Rice’s good friends Neal Zucker and Marko Iglendza bought into the building two years ago. Zucker is CEO of Corporate Cleaning Services window-washing company and Iglendza is CEO of Terminal Getaway airport spas, which has locations in airports nationwide.
Zucker was a regular visitor to The Carlyle growing up as his grandparents lived there. His and Iglendza’s apartment is a mix of modern and traditional art and design. A favorite is a watercolor composed of bright dots of bug saliva by L.A. artist John Knuth.
Other residents include business consultant Sheli Rosenberg; Ingredion CEO Ilene Gordon and husband Bram Bluestein, a private-equity adviser; real estate developer Michael Supera; Bob Berger, also a developer; Latham & Watkins partner David Crumbaugh; Jam Theatricals Broadway producer Steve Traxler; cabaret singer Tom Michael; and Chris Dunagan, CEO of EngagementHealth LLC, a wellness company, and his wife, public-relations business owner Melissa Skoog and their two young children.
“You just never get tired of coming home to it,” says Diane Freeman, ticking off the attentive service, a ballroom for entertaining and a nearly Olympic size swimming pool.
She’s a real estate broker with Baird & Warner and her husband, Louis Freeman, is a retired tax attorney.
The Carlyle was built in 1964 on the site once occupied by three limestone-and-brick mansions. Developer Al Robin was said to have approached Chicago’s corporate elite about moving into the building, which is at 1040 N. Lake Shore Drive. Now Robins’ son, Richard Robin, lives there.
Some of The Carlyle’s earliest residents were industrialist Henry Crown, the father of Lester Crown, Bears quarterback Sidney Luckman, real estate mogul Arthur Rubloff and gossip columnist Irv “Kup” Kupcinet.

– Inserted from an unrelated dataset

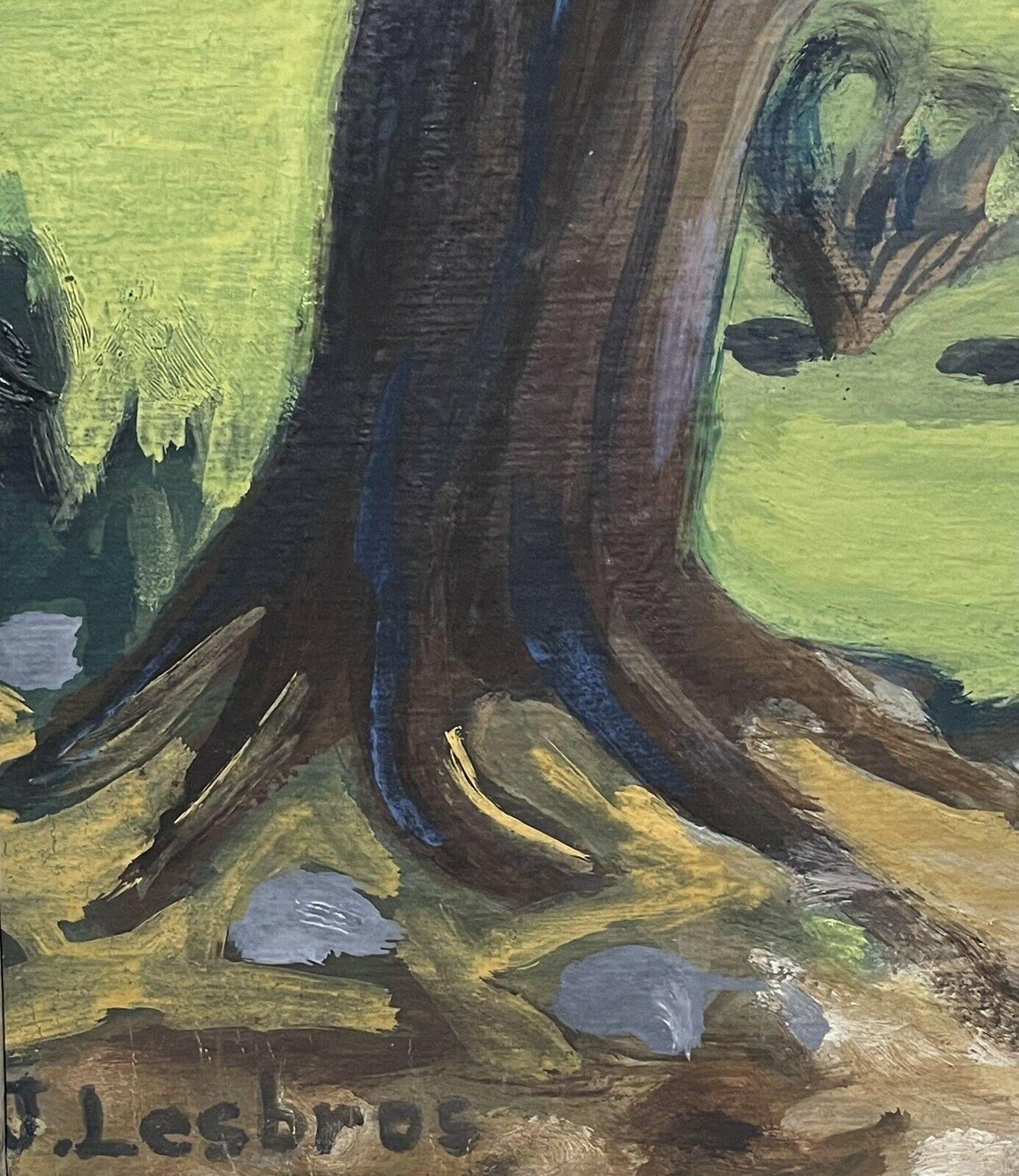 PAESAGGIO PROVENZALE A OLIO FIRMATO POST IMPRESSIONISTA FRANCESE DELLA METÀ DEL SECOLO - INCORNICIATO in vendita 1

Daley purchased his 8th floor one-bedroom unit (8B) about a year ago, paying $865,000, according to public records. He’s been refurbishing it for months.
His brother, former White House Chief of Staff Bill Daley, lives a few buildings away. The former mayor most recently lived at 900 North Michigan. His family has long been associated with the South Side Bridgeport neighborhood where he grew up.
The Carlyle’s rich history on the lakefront fits with Daley’s legacy as mayor.
He oversaw creation of Millennium Park, the Frank Gehry-designed Pritzker Pavilion and the glistening “Bean” sculpture. Navy Pier became a major tourist attraction during Daley’s 22-year tenure. He’s also credited with improving the walkways around Museum Campus. And, of course, there’s the park built on the Meigs Field runway, which he bulldozed.